# 3. Evaluation pipeline

The initial results for the second model are quite mixed. Actually, they are quite bad in general. But it is a bit hard to understand why its performance is so bad without having a proper evaluation pipeline, that should use cross-validation as a way to mitigate the effects of the randomness of the train-test split.

## 3.1. Setup

In [26]:
from sklearn.model_selection import KFold, cross_validate
from skmultilearn.dataset import load_dataset
from skmultilearn.problem_transform import ClassifierChain
from sklearn.svm import SVC
import sklearn.metrics as metrics
from typing import Any, Dict


## 3.2. Experimentation

In [3]:
full_data = load_dataset("scene", "undivided")
train_data = load_dataset("scene", "train")
test_data = load_dataset("scene", "test")


scene:undivided - exists, not redownloading
scene:train - exists, not redownloading
scene:test - exists, not redownloading


In [4]:
display(train_data[:2])
display(test_data[:2])
display(full_data[:2])


(<1211x294 sparse matrix of type '<class 'numpy.float64'>'
 	with 351805 stored elements in List of Lists format>,
 <1211x6 sparse matrix of type '<class 'numpy.int64'>'
 	with 1286 stored elements in List of Lists format>)

(<1196x294 sparse matrix of type '<class 'numpy.float64'>'
 	with 347724 stored elements in List of Lists format>,
 <1196x6 sparse matrix of type '<class 'numpy.int64'>'
 	with 1299 stored elements in List of Lists format>)

(<2407x294 sparse matrix of type '<class 'numpy.float64'>'
 	with 699529 stored elements in List of Lists format>,
 <2407x6 sparse matrix of type '<class 'numpy.int64'>'
 	with 2585 stored elements in List of Lists format>)

Just a side note here: this dataset is clearly too small.
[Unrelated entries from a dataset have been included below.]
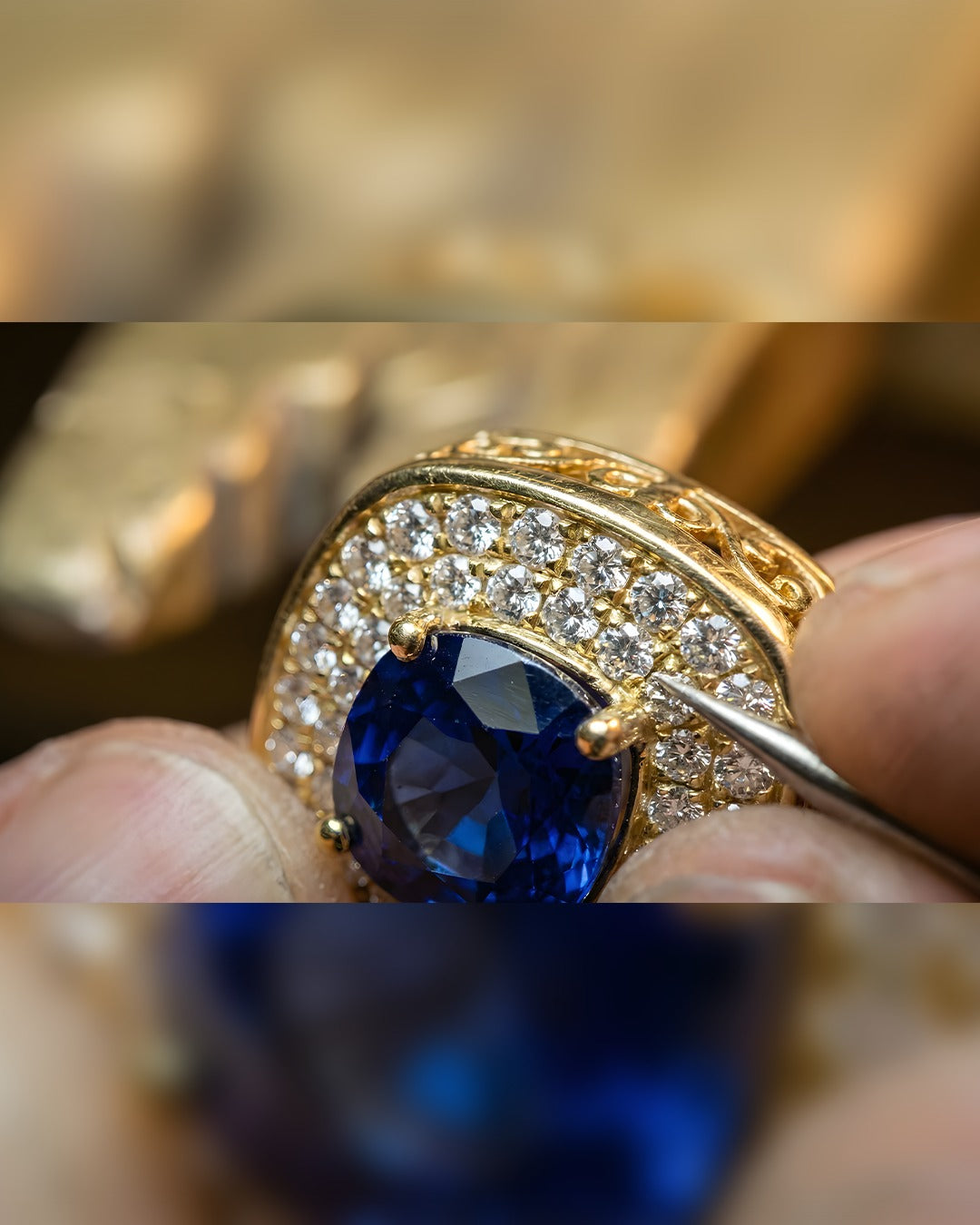 Peace of Life Kolye - 6 ct Mavi Safir 18K Altın
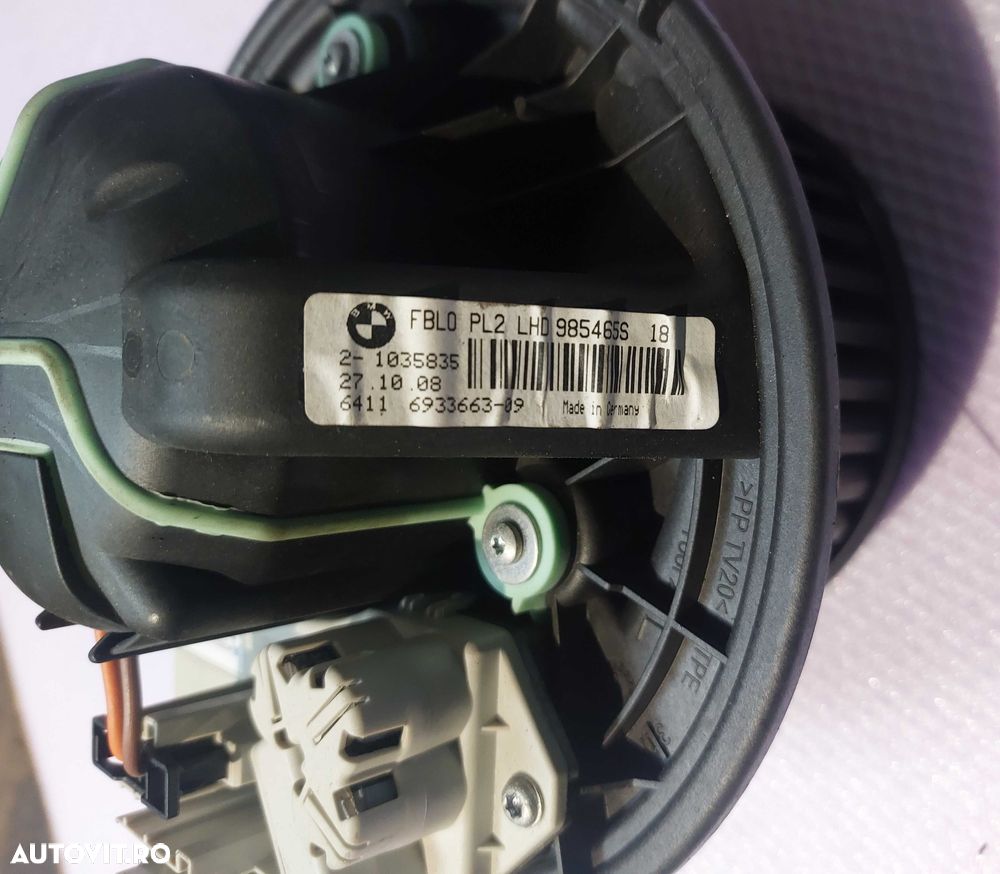 Ventilator aeroterma BMW E81 E82 E87 E88 E90 E91 E92 E93 E84 E89 - 5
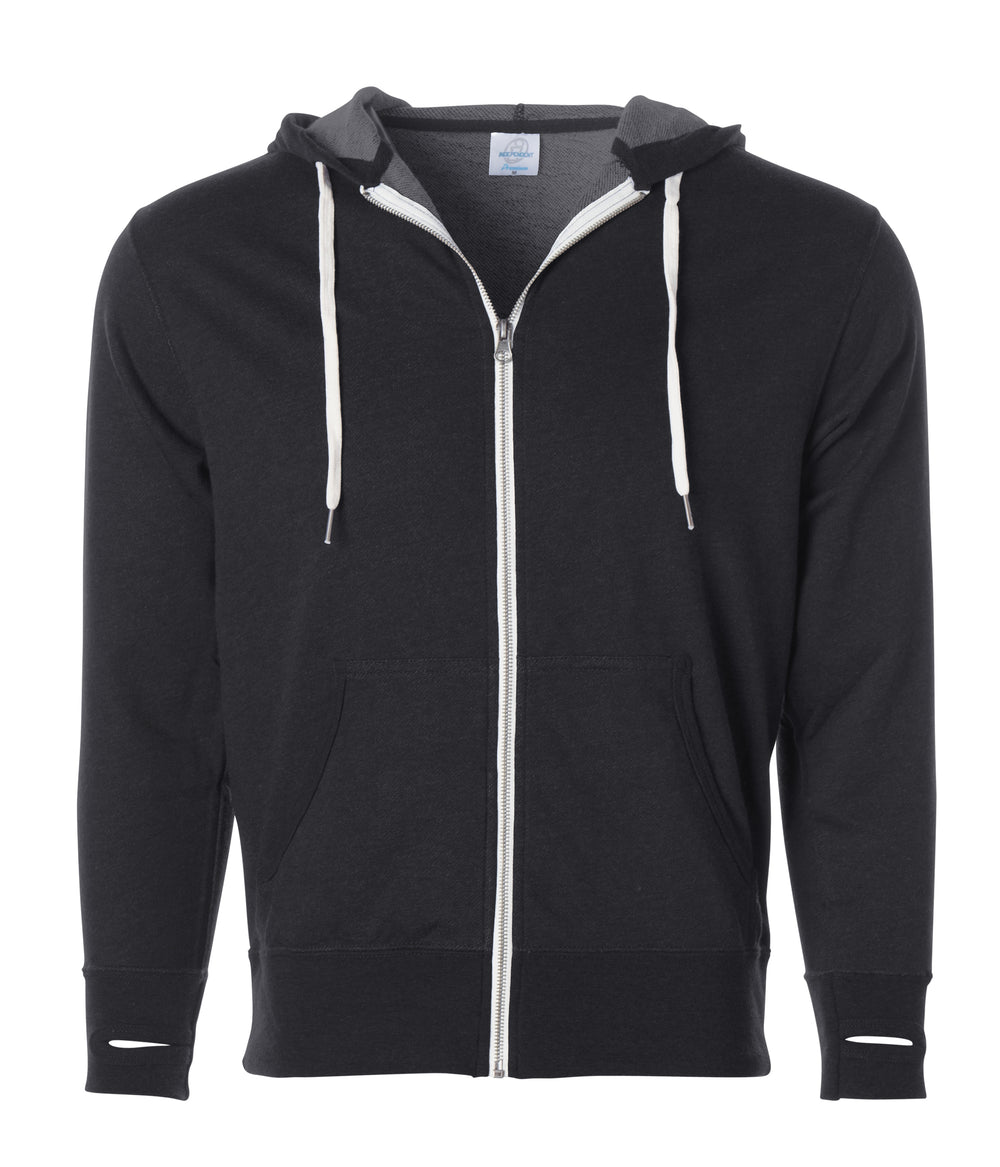 Heather French Terry Zip Hood Sweatshirt | Independent Trading Company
It might explain the wild results we were getting in the second model..

Anyway, let's keep going forward with the evaluation pipeline.

In [5]:
X_full, y_full, _, _ = full_data

In [6]:
dense_X_full = X_full.toarray()
dense_y_full = y_full.toarray()


skf = KFold(n_splits=5)
for i, (train_index, test_index) in enumerate(skf.split(dense_X_full, dense_y_full)):
    X_train = dense_X_full[train_index]
    y_train = dense_y_full[train_index]

    X_test = dense_X_full[test_index]
    y_test = dense_y_full[test_index]


**Notice**: `StratifiedKFold` **cannot** be used as it does not support multilabel ([source](https://stackoverflow.com/questions/48508036/sklearn-stratifiedkfold-valueerror-supported-target-types-are-binary-mul)).
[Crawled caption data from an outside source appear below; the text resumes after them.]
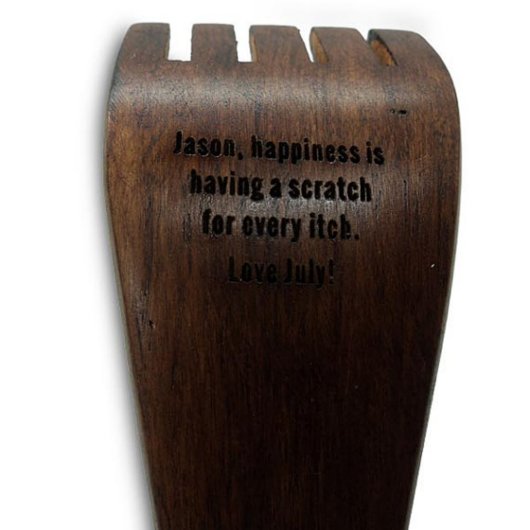 Practical Engraved Natural Wood Back Scratcher (Back Top)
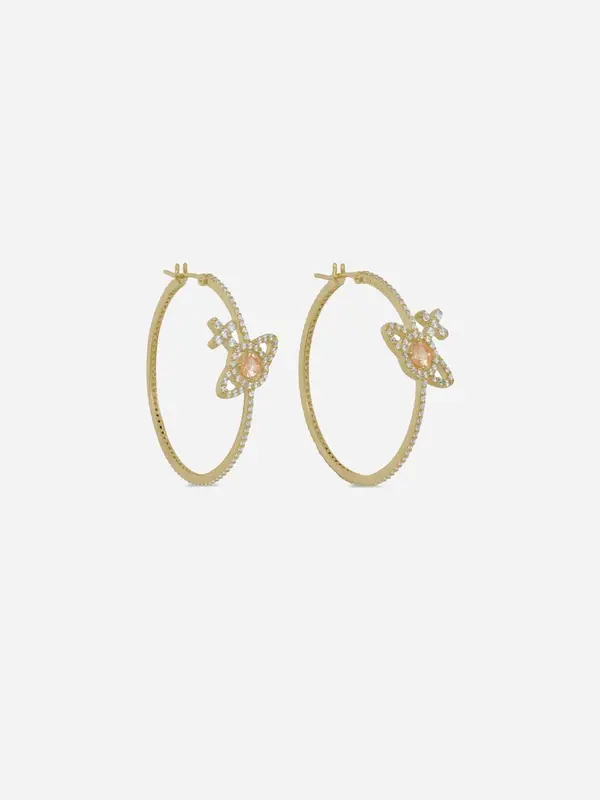 "Olympia Hoop Earrings"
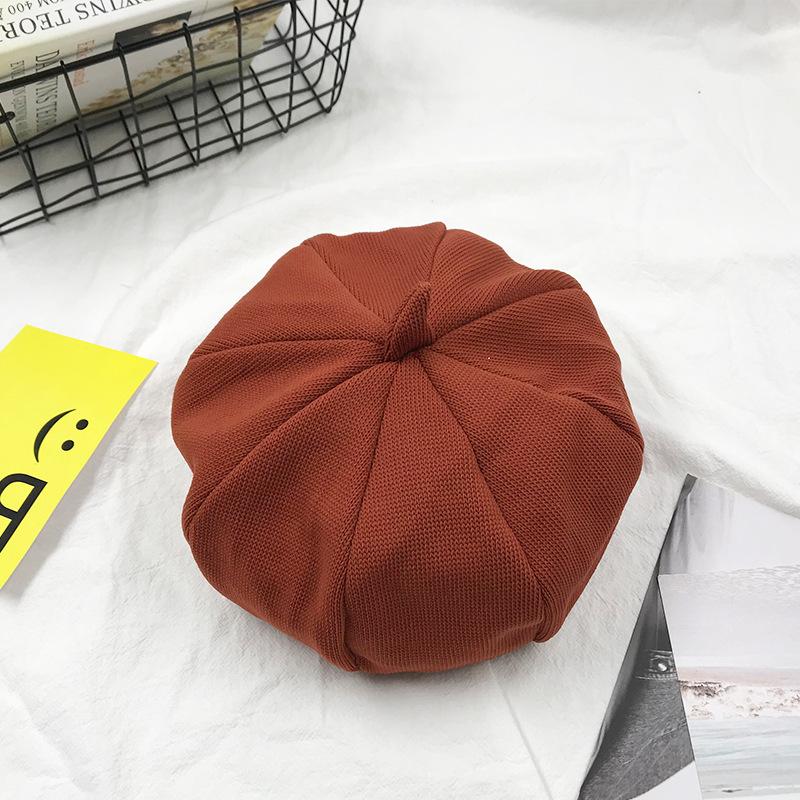 Autumn and winter three-dimensional beret women's versatile pumpkin hat British painter hat literary retro bud hat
Instead of trying to set up everything by myself, let's use something that Scikit already provides: the `cross_validate` function, as described [here](https://scikit-learn.org/stable/modules/cross_validation.html#the-cross-validate-function-and-multiple-metric-evaluation).

In [7]:
clf = ClassifierChain(
    classifier=SVC(),
    require_dense=[False, True]
)

s = {"accuracy": make_scorer(metrics.accuracy_score),
     "hamming_loss": make_scorer(metrics.hamming_loss, greater_is_better=False)}

r = cross_validate(clf, X_full, y_full, cv=5, scoring=s, return_train_score=True)
r


In [8]:
r["test_accuracy"].mean(), r["test_accuracy"].std()

(0.6319200144926287, 0.06657267886278025)

In [9]:
r["test_hamming_loss"].mean(), r["test_hamming_loss"].std()

(-0.11195857523658352, 0.023752236934311968)

In [10]:
# quick testing, using the proposed order based on F-test

clf2 = ClassifierChain(
    classifier=SVC(),
    require_dense=[False, True],
    order=[3, 0, 2, 5, 4, 1]
)

s2 = {"accuracy": metrics.make_scorer(metrics.accuracy_score),
      "hamming_loss": metrics.make_scorer(metrics.hamming_loss, greater_is_better=False)}

r2 = cross_validate(clf2, X_full, y_full, cv=5,
                   scoring=s2, return_train_score=True)
r2

{'fit_time': array([4.06053257, 4.29102755, 3.58891082, 4.0080204 , 3.63190055]),
 'score_time': array([0.65458941, 0.65905857, 0.6446743 , 0.67406464, 0.62596703]),
 'test_accuracy': array([0.1473029 , 0.39626556, 0.05613306, 0.28274428, 0.3035343 ]),
 'train_accuracy': array([0.31324675, 0.20727273, 0.3556594 , 0.26272066, 0.27050883]),
 'test_hamming_loss': array([-0.28284924, -0.20020747, -0.31185031, -0.23354123, -0.22903673]),
 'train_hamming_loss': array([-0.22995671, -0.26554113, -0.21581862, -0.25034614, -0.24575978])}

Ok, the initial results here show that the proposed Classifier Chain is indeed **consistently bad**. Regardless, now I have a better ideia of how to set up this evaluation pipeline, which I should conclude tomorrow.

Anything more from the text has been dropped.